------ Input

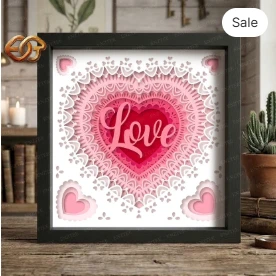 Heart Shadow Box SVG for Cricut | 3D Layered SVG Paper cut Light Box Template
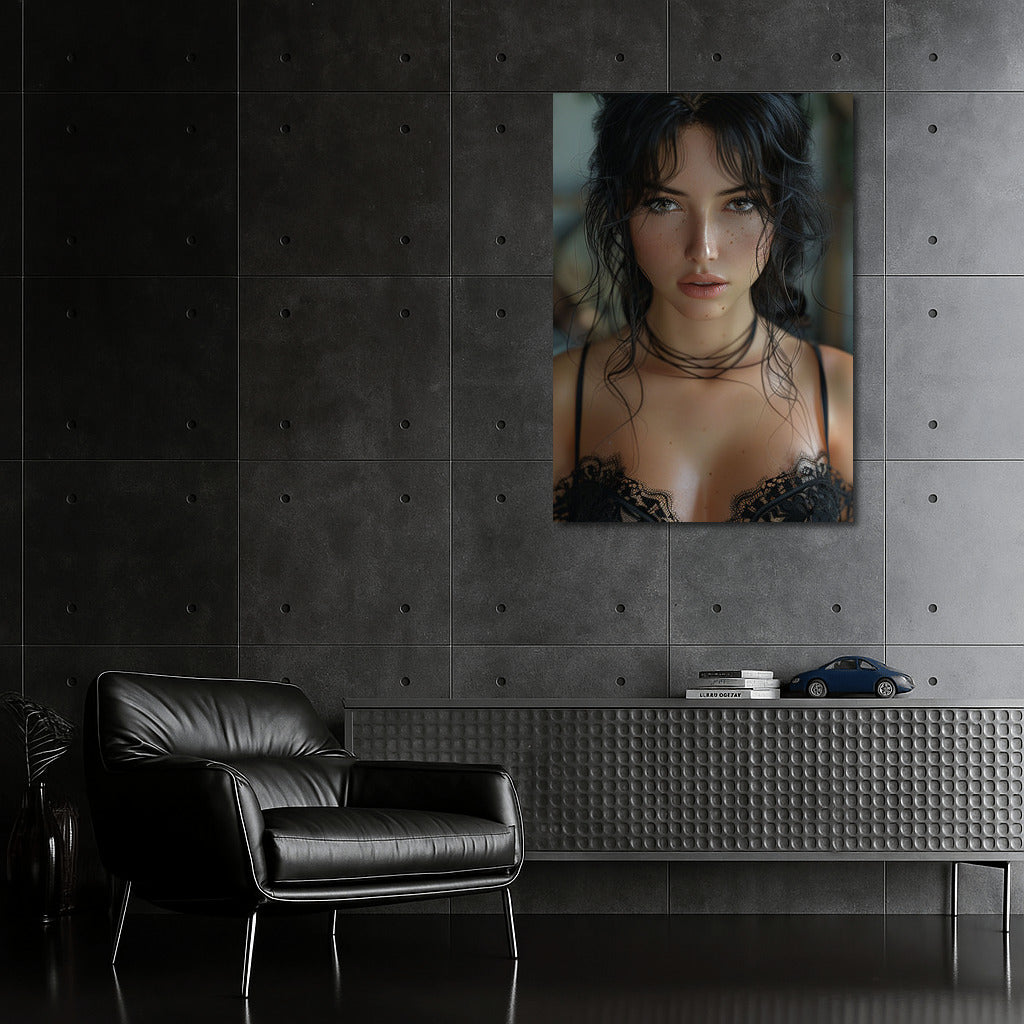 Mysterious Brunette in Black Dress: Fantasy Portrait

------------
------ Input

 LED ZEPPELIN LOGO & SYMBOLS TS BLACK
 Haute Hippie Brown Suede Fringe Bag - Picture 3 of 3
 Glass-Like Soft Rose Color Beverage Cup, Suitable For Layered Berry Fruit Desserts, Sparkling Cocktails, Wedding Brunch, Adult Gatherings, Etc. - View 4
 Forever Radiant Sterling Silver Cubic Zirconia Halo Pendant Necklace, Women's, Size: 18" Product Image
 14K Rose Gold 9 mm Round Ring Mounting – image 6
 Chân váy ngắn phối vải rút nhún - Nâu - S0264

------------
------ Input

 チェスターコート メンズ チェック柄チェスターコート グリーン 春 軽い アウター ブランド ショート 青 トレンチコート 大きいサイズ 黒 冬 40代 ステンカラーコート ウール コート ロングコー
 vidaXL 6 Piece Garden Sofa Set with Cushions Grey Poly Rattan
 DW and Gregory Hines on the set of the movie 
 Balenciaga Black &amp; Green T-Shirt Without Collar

------------

*Task statement*. Quote the data above from the line containing "Haute Hippie Brown" to the line containing "Chân váy ngắn", inclusive, and stop.

*Task result*.
 Haute Hippie Brown Suede Fringe Bag - Picture 3 of 3
 Glass-Like Soft Rose Color Beverage Cup, Suitable For Layered Berry Fruit Desserts, Sparkling Cocktails, Wedding Brunch, Adult Gatherings, Etc. - View 4
 Forever Radiant Sterling Silver Cubic Zirconia Halo Pendant Necklace, Women's, Size: 18" Product Image
 14K Rose Gold 9 mm Round Ring Mounting – image 6
 Chân váy ngắn phối vải rút nhún - Nâu - S0264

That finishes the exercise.